Is $\mathcal{D}_k(k[x])$ generated by $\partial_1,\partial_p,\partial_{p^2},\ldots$ and multiplication maps?

Question

Let $k$ be a field of characteristic $p>0$, and let $\mathcal{D}=\mathcal{D}_k(k[x])$ be the ring of differential operators on $k[x]$. That is, we define $$ \mathcal{D}_{\leq -1}:=\{0\}\subseteq\operatorname{End}_k(k[x])\\ \text{for }n\in\mathbb{Z}_{\geq 0}:\quad\mathcal{D}_{\leq n}:=\{D\in\operatorname{End}_k(k[x])\ |\ \forall f\in k[x]:\ [D,\mu_f]\in\mathcal{D}_{\leq n-1}\}\\ \mathcal{D}:=\bigcup_{n\geq -1}\mathcal{D}_{n} $$ where $\mu_\bullet$ denotes multiplication by the element in the subscript, and $[\bullet,\bullet]$ is the Lie-bracket (i.e. $[f,g]=f\circ g-g\circ f$).

Now for $n\in\mathbb{Z}_{\geq 0}$, let $\partial_n:k[x]\to k[x]$ be defined by $\partial_n(x^m):=\binom{m}{n}x^{m-n}$, extended by $k$-linearity; it is not hard to verify that $\partial_n\in\mathcal{D}_{\leq n}$. Then is it true that $\mathcal{D}$ is generated as a $k$-algebra by $\{\partial_1,\partial_p,\partial_{p^2},\ldots\}\cup\mathcal{D}_{\leq 0}$?
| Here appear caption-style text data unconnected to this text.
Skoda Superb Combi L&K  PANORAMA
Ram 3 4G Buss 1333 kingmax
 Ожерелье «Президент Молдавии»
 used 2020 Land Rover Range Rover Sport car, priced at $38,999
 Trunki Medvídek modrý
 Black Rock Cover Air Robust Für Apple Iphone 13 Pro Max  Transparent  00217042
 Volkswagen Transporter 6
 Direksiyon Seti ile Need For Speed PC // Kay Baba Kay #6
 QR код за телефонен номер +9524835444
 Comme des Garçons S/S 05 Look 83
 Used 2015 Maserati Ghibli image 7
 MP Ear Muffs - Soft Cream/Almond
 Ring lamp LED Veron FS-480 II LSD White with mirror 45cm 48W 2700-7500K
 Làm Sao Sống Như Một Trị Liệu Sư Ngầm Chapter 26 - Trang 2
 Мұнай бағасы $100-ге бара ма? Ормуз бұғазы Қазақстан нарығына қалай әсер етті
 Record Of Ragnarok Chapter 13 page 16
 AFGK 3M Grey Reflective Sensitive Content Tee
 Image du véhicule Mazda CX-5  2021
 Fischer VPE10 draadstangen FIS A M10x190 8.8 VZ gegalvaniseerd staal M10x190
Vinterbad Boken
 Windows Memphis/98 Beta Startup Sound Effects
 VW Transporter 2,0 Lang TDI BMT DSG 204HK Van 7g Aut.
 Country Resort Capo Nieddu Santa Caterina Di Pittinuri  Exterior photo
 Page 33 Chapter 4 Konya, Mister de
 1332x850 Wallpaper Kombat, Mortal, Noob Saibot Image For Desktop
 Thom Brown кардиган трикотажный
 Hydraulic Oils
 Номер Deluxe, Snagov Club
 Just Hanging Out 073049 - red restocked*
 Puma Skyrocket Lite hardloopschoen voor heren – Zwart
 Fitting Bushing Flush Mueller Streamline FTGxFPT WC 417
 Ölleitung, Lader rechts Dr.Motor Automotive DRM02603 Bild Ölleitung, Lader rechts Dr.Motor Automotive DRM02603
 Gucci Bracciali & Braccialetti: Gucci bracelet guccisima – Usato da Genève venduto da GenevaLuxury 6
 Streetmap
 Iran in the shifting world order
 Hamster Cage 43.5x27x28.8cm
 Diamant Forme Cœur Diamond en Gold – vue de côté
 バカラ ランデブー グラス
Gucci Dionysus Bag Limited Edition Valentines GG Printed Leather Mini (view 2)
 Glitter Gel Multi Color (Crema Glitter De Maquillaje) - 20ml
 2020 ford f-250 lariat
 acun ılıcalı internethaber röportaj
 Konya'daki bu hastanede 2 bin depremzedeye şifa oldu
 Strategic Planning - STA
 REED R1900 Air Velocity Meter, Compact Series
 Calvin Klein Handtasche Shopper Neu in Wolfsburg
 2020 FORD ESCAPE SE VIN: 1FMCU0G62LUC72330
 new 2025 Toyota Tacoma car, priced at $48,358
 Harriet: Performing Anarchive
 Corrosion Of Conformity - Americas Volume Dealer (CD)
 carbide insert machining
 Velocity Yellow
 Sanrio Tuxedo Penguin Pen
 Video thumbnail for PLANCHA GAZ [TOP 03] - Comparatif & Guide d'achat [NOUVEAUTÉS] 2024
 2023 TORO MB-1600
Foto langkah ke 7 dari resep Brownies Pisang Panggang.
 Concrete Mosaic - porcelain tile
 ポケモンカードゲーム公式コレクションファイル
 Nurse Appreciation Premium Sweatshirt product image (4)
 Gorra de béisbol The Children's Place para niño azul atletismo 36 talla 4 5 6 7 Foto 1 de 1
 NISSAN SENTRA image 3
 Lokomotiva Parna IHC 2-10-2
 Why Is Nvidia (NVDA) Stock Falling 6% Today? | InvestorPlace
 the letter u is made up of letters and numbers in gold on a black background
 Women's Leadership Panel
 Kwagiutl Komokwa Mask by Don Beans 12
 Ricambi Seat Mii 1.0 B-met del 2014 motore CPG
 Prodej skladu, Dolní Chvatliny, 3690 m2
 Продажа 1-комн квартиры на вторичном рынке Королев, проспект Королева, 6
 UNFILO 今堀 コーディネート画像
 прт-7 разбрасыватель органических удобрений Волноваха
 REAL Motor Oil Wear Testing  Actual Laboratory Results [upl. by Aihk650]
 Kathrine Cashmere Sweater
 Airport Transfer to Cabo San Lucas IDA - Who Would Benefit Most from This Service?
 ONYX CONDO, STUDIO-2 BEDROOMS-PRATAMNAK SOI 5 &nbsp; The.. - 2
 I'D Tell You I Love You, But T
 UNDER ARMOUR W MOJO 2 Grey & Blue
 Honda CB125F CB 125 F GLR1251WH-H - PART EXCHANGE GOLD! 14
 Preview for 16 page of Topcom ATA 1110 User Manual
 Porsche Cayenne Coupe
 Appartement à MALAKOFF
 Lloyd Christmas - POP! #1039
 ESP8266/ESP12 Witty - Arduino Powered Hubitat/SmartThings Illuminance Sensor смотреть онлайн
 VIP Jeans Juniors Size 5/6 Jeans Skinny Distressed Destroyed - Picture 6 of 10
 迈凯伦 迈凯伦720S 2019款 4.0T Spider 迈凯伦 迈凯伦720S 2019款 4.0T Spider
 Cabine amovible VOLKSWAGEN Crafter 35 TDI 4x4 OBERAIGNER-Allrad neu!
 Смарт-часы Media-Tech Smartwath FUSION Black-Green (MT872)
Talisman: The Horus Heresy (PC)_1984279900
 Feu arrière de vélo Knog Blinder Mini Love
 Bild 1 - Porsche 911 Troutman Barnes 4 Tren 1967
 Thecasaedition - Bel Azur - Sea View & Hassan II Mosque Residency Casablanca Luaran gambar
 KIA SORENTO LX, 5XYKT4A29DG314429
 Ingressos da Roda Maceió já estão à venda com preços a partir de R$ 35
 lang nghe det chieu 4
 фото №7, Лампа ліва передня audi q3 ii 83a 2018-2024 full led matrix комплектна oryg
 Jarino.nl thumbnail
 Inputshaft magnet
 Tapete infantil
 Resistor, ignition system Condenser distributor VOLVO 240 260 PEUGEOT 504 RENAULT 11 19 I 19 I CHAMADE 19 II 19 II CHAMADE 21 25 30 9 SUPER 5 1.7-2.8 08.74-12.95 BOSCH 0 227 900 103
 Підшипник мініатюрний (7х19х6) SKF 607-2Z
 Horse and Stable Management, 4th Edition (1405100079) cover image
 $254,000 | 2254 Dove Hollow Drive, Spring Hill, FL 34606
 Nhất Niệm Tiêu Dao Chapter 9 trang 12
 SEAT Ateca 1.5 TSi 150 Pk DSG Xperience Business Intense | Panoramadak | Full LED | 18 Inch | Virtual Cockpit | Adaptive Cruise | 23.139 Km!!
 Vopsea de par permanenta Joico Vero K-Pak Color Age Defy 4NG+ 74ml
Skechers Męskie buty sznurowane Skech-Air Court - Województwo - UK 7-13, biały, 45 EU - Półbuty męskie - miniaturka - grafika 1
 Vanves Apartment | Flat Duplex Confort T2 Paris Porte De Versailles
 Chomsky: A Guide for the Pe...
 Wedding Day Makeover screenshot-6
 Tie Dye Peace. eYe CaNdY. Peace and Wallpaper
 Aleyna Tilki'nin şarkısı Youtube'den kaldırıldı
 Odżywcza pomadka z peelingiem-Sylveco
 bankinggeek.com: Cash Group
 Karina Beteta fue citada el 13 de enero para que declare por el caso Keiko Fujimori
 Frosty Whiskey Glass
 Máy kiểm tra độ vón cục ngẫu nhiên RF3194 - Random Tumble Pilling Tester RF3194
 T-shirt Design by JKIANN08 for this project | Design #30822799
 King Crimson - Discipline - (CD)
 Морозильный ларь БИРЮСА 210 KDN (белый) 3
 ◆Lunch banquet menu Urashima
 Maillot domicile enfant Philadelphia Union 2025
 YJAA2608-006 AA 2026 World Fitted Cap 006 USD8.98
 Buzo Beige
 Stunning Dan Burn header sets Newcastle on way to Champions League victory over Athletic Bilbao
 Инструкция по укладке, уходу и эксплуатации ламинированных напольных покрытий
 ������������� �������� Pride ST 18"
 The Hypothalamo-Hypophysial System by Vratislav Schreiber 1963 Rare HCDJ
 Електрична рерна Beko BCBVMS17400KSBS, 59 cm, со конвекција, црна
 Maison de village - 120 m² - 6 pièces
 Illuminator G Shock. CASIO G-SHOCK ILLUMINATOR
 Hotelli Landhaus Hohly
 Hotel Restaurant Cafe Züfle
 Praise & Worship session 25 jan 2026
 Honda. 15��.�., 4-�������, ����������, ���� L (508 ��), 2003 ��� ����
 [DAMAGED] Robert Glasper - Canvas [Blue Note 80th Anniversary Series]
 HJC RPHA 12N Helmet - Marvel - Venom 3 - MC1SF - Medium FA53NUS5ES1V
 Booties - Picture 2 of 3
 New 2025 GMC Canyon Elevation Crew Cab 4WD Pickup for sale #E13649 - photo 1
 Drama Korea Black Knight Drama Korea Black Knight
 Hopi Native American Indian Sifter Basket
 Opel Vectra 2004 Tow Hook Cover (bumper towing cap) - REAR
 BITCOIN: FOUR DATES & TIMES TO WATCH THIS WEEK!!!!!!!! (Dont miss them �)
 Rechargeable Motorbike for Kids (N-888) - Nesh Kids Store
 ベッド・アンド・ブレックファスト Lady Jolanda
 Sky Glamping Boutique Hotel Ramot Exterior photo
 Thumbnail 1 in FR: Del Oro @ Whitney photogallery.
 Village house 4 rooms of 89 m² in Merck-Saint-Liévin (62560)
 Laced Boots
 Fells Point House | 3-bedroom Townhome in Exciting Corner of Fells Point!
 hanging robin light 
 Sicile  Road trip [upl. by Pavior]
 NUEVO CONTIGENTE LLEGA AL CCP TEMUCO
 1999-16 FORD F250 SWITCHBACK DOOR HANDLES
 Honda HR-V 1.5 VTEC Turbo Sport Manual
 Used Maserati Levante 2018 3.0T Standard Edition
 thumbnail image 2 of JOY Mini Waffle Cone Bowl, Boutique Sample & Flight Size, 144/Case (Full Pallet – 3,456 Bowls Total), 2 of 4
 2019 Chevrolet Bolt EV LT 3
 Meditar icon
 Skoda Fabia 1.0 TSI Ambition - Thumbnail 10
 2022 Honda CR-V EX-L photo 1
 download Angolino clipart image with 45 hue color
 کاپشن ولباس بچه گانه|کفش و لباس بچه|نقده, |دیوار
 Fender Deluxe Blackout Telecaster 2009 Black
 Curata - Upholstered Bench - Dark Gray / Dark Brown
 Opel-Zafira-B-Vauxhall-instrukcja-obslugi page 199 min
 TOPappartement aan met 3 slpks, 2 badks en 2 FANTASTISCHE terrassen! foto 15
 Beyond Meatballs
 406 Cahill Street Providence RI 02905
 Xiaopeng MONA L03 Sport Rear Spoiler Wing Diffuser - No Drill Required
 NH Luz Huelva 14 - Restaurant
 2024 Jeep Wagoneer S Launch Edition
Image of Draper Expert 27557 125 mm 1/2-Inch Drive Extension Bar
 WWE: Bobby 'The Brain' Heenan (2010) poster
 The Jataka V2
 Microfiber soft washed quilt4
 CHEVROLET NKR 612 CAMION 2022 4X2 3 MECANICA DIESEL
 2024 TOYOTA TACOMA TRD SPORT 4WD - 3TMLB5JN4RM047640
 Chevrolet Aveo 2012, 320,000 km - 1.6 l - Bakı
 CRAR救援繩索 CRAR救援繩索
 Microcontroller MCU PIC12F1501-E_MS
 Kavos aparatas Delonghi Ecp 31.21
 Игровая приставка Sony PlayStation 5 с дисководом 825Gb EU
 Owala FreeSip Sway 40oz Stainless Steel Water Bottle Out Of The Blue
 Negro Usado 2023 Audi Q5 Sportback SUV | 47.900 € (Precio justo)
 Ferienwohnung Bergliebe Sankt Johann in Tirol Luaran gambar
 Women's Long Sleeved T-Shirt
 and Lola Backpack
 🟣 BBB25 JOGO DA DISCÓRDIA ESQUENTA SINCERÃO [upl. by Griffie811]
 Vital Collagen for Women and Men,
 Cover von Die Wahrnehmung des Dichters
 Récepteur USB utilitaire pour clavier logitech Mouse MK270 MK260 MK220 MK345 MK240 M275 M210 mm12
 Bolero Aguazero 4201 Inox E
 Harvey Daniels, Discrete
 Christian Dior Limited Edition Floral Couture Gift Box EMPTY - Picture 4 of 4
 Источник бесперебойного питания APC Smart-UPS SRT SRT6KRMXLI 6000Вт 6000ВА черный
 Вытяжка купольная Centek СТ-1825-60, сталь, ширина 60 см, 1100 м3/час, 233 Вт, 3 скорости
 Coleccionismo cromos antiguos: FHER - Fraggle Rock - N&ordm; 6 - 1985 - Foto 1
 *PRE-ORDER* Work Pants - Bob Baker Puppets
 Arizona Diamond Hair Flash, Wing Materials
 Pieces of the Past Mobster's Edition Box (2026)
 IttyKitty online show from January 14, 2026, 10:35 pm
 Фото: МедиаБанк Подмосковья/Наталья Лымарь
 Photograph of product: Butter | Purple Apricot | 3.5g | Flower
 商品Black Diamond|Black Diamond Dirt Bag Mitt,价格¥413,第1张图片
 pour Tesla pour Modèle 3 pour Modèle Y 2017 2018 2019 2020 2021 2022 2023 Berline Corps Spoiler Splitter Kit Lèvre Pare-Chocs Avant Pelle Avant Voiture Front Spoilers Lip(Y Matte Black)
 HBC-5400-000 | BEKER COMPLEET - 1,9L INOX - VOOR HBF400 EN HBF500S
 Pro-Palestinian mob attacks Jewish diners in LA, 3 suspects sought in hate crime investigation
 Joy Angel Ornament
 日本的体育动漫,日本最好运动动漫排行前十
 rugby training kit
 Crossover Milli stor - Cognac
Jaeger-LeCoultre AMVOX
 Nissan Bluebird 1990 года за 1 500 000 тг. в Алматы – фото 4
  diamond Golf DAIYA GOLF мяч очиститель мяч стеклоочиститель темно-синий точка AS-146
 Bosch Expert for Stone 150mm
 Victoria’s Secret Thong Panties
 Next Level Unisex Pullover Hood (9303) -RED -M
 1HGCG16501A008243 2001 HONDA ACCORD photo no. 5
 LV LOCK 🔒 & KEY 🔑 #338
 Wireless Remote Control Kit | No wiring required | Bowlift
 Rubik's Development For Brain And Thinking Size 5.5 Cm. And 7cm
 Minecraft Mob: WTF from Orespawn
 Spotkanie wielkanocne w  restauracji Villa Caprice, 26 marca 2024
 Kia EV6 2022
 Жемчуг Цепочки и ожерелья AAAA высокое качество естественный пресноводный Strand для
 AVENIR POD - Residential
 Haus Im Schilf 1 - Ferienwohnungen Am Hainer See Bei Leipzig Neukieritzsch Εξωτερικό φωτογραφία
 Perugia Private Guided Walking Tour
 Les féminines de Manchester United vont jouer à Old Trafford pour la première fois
Playing around a bit I think that every $\partial_n$ can be expressed in terms of $\{\partial_{p^i}\}_{i\geq 0}$, so the question reduces to whether $\{\partial_n\}_{n\geq 0}\cup\mathcal{D}_{\leq 0}$ generates $\mathcal{D}$. Is that the case?

This question is motivatet by trying to understand the ring of differential operators in positive characteristic. Note that in characteristic zero, $\mathcal{D}$ is generated by $\mathcal{D}_{\leq 1}$ and can then be described fairly concretely.

Answer 1

Note that $f \partial_n \in D_{\leq n}$ kills $x^0, \dots, x^{n-1}$ and sends $x^n$ to $f$. Given $D \in D_{\leq n}$, we can therefore adjust $D$ by an element of $k[x] + k[x] \partial_1 + \cdots + k[x] \partial_n$ so that $D x^i = 0$ for $i \leq n$. It therefore suffices to prove that the following claim.

Claim: If $D \in \mathcal{D}_{\leq n}$ and $D x^i = 0$ for $i \leq n$ then $D = 0$.

Proof: We will prove $D x^k = 0$ by induction on $n$ and $k$. We may assume $n \geq 0$ and $k > n$. Now $$ D x^k = x D x^{k-1} + [D, x] x^{k-1}.$$ By induction on $k$, $D x^{k-1} = 0$. Since $[D, x] x^i = 0$ for $i \leq n-1$, $[D, x] x^{k-1} = 0$ by induction on $n$. Hence $D x^k = 0$.